Уже занимался рассвет — безымянный пропал, среди деревьев ходило сонное облако, тени всадников смутно проступали сквозь звесь. Их было не меньше десятка, но слышно было только двоих — один голос уставший, но немного взволнованный, принадлежал Хушану. В другом звучал хуннский говор, похожий на треск ломающегося хвороста. «Харга!» — догадался Ашпокай и осторожно, на животе, пополз в сторону всадников. Речь он различал с трудом, больно чудно она звучала. Он сразу узнал этот язык — язык заговорщиков, воров и убийц. На нем объясняются дунху и «молодые негодяи» на севере Поднебесной. В нем звучали самые гадкие и трусливые слова из всех степных языков и наречий.
— Когда мой народ подчинится народу твоему, Модэ сделает меня паралатом. Он обещал! — севшим голосом произнес Хушан.
— Мой господин Модэ дал слово, — отозвался Харга. — Ты станешь паралатом, князь-юэчжи.
— Хорошо. Я обещаю Модэ верную
— Золото? Чистое золото? — довольно каркнул Харга. — Когда дело будет сделано, он получит твои подарки.
На какое-то время замолчали. Ашпокай уже думал, что больше не услышит ничего, но потом Хушан заговорил опять:
— По нашим законам я не могу убить родственника. За это предают смерти.
— Не бойся, юэчжи, — прохрипел Харга. — У меня с собой много разных снадобий. Мы ему дадим такой яд, что он не умрет, но совершенно помутится рассудком.
— Тогда его придется убить как… — последние слова Хушан протянул со страхом и удовольствием, — как бе-ше-но-го же-ре-бца.
— Видишь? Это снадобье безумия…
— Эти желтые шарики? — в голосе Хушана скользнуло сомнение.
— Здесь десять порций. По одному толки шарики в порошок и подмешивай бивереспу в пищу каждый день. Поначалу изменения будут незаметны.
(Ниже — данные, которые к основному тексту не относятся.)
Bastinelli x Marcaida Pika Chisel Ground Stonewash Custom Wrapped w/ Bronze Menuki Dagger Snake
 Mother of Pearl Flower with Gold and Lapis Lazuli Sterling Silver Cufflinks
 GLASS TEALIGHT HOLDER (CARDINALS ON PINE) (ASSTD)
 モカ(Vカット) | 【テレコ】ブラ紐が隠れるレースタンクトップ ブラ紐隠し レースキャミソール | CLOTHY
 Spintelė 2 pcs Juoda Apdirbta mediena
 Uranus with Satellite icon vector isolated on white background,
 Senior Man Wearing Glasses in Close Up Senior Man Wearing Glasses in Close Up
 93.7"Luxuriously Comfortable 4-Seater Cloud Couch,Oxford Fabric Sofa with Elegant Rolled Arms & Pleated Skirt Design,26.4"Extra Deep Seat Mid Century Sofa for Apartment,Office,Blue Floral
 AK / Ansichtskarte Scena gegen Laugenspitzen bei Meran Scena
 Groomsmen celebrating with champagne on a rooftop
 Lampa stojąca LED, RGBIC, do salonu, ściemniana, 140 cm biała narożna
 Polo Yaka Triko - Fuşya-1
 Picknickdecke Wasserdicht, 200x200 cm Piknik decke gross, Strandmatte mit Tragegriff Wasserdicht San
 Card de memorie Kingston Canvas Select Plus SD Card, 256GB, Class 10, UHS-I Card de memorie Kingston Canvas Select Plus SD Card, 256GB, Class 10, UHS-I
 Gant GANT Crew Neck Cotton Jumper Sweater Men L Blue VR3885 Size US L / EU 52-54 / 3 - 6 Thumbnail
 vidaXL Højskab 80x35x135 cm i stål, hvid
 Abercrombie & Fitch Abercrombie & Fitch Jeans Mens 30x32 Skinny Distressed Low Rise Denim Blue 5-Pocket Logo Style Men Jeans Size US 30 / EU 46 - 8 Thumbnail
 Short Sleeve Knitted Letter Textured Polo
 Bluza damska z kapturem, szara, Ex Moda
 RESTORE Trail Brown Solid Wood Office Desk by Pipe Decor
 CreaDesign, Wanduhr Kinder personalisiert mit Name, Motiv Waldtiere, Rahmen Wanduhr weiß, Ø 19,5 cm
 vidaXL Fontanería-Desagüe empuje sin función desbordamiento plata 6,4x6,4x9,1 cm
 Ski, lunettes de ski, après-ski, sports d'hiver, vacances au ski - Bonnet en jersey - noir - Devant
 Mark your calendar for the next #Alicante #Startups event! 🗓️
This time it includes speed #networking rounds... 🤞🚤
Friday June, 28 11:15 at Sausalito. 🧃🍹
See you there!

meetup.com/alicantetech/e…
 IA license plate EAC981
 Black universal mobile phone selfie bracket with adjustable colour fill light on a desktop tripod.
На пятый день он станет рассеян и забывчив, на седьмой перестанет узнавать знакомцев, а уж к десятому дню он будет блеять и ползать в собственных нечистотах, как больная овца.
— Он не узнает? Не догадается? — голос Хушана дрожал от нетерпения.
— Снадобье ничем себя не выдаст — ни вкусом, ни запахом.
— Не знаю, верно ли мы поступаем, друг Харга, — проговорил князь. — Но когда я смотрю на него… так он похож на меня, молодого… смелого… глу-по-го! Когда я смотрю на него, меня переполняет ненависть. Я ненавижу его молодость, его силу. Честность его ненавижу. Понимаешь меня, друг Харга?
— Понимаю князь, понимаю, — Ашпокаю послышался смешок.
— Полно. Договор наш крепок. Выпей со мной из одной чаши, друг Харга, и разойдемся. Скоро ли поворотишь назад?
— Сразу после праздника, князь, — сказал хунну, — мы встанем зимовьем за солончаками.
— Овец пришлю, коней пришлю, много тайменя пришлю…
— Тайменя не надо, мы рыбы не едим.
— Как знаешь, друг, как знаешь…
Голоса стали глуше, а потом и вовсе пропали, но Ашпокай еще долго не решался пошевелиться. А когда решился, то понял, что руки и ноги его закостенели от холода. Он поднялся и, пошатываясь, побрел по следам назад, к стойбищу.
В уме он снова и снова повторял слова заговорщиков на разный лад, на разных языках — и на разбойничьем, и на степняцком и на горском. Он не мог позволить себе забыть ни единого слова. «Дойти бы, — шептал он, с трудом переставляя ноги. — Дойти бы…».
***
Сумерки. Юрта, что стоит на отшибе, в темноте. Красные всполохи на ветхих войлочных стенках. Фигура Салма, черная, значительная возвышается над караванщиками, и над молодыми волками. Вэрагну привел сюда Соша. Едва князь-бивересп зашел под полог шатра, Соша тут же сел в темном углу, положив на колени кожаный сверток.
— Зачем ты меня сюда привел, друг Соша? — Вэрагна посмотрел на ватажников с неприязнью. — Эти дурные люди служат моему дяде! Что нам здесь делать?